Exercise data:

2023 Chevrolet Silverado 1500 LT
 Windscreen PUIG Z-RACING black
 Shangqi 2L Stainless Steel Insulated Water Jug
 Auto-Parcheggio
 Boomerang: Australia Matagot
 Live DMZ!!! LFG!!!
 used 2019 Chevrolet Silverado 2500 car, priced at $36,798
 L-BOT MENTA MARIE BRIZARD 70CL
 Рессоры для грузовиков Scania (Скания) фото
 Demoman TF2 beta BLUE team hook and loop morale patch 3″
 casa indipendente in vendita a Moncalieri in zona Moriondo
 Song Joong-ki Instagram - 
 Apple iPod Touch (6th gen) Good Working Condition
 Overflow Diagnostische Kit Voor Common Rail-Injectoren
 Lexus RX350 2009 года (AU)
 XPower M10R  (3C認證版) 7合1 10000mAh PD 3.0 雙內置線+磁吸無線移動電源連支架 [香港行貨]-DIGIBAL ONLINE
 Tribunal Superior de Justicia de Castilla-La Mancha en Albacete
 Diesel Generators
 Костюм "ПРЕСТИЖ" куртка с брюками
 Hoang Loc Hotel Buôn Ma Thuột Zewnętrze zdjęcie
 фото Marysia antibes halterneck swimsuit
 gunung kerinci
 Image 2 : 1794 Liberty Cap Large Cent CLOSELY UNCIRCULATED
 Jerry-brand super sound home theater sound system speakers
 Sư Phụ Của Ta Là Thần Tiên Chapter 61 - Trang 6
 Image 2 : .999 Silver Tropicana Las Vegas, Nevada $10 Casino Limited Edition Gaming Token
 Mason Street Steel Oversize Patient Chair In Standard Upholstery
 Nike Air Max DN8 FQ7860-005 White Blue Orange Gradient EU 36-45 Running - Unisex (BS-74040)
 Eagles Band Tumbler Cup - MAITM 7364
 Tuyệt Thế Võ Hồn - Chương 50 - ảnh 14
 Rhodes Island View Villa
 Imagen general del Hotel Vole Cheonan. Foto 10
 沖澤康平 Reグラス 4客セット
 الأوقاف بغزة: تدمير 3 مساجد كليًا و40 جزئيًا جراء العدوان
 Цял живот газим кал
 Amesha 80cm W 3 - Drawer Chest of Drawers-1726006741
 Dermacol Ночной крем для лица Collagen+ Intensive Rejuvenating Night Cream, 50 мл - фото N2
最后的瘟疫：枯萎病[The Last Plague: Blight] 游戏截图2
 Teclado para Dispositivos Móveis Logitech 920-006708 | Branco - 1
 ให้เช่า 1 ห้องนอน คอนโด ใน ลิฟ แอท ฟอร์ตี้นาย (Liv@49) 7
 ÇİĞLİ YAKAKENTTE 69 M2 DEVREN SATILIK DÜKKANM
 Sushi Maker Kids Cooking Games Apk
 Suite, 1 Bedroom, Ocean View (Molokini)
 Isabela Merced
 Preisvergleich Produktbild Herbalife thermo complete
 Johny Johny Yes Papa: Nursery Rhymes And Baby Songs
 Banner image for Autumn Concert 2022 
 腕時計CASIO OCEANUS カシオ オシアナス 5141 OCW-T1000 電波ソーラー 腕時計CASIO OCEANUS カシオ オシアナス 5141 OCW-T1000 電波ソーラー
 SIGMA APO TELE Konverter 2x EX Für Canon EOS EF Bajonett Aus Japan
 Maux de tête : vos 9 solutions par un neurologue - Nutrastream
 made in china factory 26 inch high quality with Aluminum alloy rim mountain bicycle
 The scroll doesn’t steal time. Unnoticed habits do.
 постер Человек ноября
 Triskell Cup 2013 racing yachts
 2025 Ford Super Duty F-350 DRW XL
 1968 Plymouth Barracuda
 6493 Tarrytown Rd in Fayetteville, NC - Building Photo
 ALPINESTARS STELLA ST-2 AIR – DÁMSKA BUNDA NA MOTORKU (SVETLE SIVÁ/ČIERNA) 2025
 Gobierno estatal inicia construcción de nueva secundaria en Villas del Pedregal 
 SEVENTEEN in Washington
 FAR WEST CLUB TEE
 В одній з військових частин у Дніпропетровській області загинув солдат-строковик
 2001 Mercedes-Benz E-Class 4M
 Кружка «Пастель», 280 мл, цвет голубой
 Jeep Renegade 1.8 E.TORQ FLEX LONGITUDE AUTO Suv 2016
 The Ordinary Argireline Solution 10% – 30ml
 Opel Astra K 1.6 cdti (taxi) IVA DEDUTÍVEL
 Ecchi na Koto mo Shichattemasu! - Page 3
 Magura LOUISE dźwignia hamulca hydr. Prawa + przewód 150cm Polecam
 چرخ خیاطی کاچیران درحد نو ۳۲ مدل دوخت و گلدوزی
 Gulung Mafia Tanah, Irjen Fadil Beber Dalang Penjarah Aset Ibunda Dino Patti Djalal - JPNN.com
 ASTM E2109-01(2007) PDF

About this exercise:
Would you please transcribe each line of the material exactly?

Task answer:
2023 Chevrolet Silverado 1500 LT
 Windscreen PUIG Z-RACING black
 Shangqi 2L Stainless Steel Insulated Water Jug
 Auto-Parcheggio
 Boomerang: Australia Matagot
 Live DMZ!!! LFG!!!
 used 2019 Chevrolet Silverado 2500 car, priced at $36,798
 L-BOT MENTA MARIE BRIZARD 70CL
 Рессоры для грузовиков Scania (Скания) фото
 Demoman TF2 beta BLUE team hook and loop morale patch 3″
 casa indipendente in vendita a Moncalieri in zona Moriondo
 Song Joong-ki Instagram - 
 Apple iPod Touch (6th gen) Good Working Condition
 Overflow Diagnostische Kit Voor Common Rail-Injectoren
 Lexus RX350 2009 года (AU)
 XPower M10R  (3C認證版) 7合1 10000mAh PD 3.0 雙內置線+磁吸無線移動電源連支架 [香港行貨]-DIGIBAL ONLINE
 Tribunal Superior de Justicia de Castilla-La Mancha en Albacete
 Diesel Generators
 Костюм "ПРЕСТИЖ" куртка с брюками
 Hoang Loc Hotel Buôn Ma Thuột Zewnętrze zdjęcie
 фото Marysia antibes halterneck swimsuit
 gunung kerinci
 Image 2 : 1794 Liberty Cap Large Cent CLOSELY UNCIRCULATED
 Jerry-brand super sound home theater sound system speakers
 Sư Phụ Của Ta Là Thần Tiên Chapter 61 - Trang 6
 Image 2 : .999 Silver Tropicana Las Vegas, Nevada $10 Casino Limited Edition Gaming Token
 Mason Street Steel Oversize Patient Chair In Standard Upholstery
 Nike Air Max DN8 FQ7860-005 White Blue Orange Gradient EU 36-45 Running - Unisex (BS-74040)
 Eagles Band Tumbler Cup - MAITM 7364
 Tuyệt Thế Võ Hồn - Chương 50 - ảnh 14
 Rhodes Island View Villa
 Imagen general del Hotel Vole Cheonan. Foto 10
 沖澤康平 Reグラス 4客セット
 الأوقاف بغزة: تدمير 3 مساجد كليًا و40 جزئيًا جراء العدوان
 Цял живот газим кал
 Amesha 80cm W 3 - Drawer Chest of Drawers-1726006741
 Dermacol Ночной крем для лица Collagen+ Intensive Rejuvenating Night Cream, 50 мл - фото N2
最后的瘟疫：枯萎病[The Last Plague: Blight] 游戏截图2
 Teclado para Dispositivos Móveis Logitech 920-006708 | Branco - 1
 ให้เช่า 1 ห้องนอน คอนโด ใน ลิฟ แอท ฟอร์ตี้นาย (Liv@49) 7
 ÇİĞLİ YAKAKENTTE 69 M2 DEVREN SATILIK DÜKKANM
 Sushi Maker Kids Cooking Games Apk
 Suite, 1 Bedroom, Ocean View (Molokini)
 Isabela Merced
 Preisvergleich Produktbild Herbalife thermo complete
 Johny Johny Yes Papa: Nursery Rhymes And Baby Songs
 Banner image for Autumn Concert 2022 
 腕時計CASIO OCEANUS カシオ オシアナス 5141 OCW-T1000 電波ソーラー 腕時計CASIO OCEANUS カシオ オシアナス 5141 OCW-T1000 電波ソーラー
 SIGMA APO TELE Konverter 2x EX Für Canon EOS EF Bajonett Aus Japan
 Maux de tête : vos 9 solutions par un neurologue - Nutrastream
 made in china factory 26 inch high quality with Aluminum alloy rim mountain bicycle
 The scroll doesn’t steal time. Unnoticed habits do.
 постер Человек ноября
 Triskell Cup 2013 racing yachts
 2025 Ford Super Duty F-350 DRW XL
 1968 Plymouth Barracuda
 6493 Tarrytown Rd in Fayetteville, NC - Building Photo
 ALPINESTARS STELLA ST-2 AIR – DÁMSKA BUNDA NA MOTORKU (SVETLE SIVÁ/ČIERNA) 2025
 Gobierno estatal inicia construcción de nueva secundaria en Villas del Pedregal 
 SEVENTEEN in Washington
 FAR WEST CLUB TEE
 В одній з військових частин у Дніпропетровській області загинув солдат-строковик
 2001 Mercedes-Benz E-Class 4M
 Кружка «Пастель», 280 мл, цвет голубой
 Jeep Renegade 1.8 E.TORQ FLEX LONGITUDE AUTO Suv 2016
 The Ordinary Argireline Solution 10% – 30ml
 Opel Astra K 1.6 cdti (taxi) IVA DEDUTÍVEL
 Ecchi na Koto mo Shichattemasu! - Page 3
 Magura LOUISE dźwignia hamulca hydr. Prawa + przewód 150cm Polecam
 چرخ خیاطی کاچیران درحد نو ۳۲ مدل دوخت و گلدوزی
 Gulung Mafia Tanah, Irjen Fadil Beber Dalang Penjarah Aset Ibunda Dino Patti Djalal - JPNN.com
 ASTM E2109-01(2007) PDF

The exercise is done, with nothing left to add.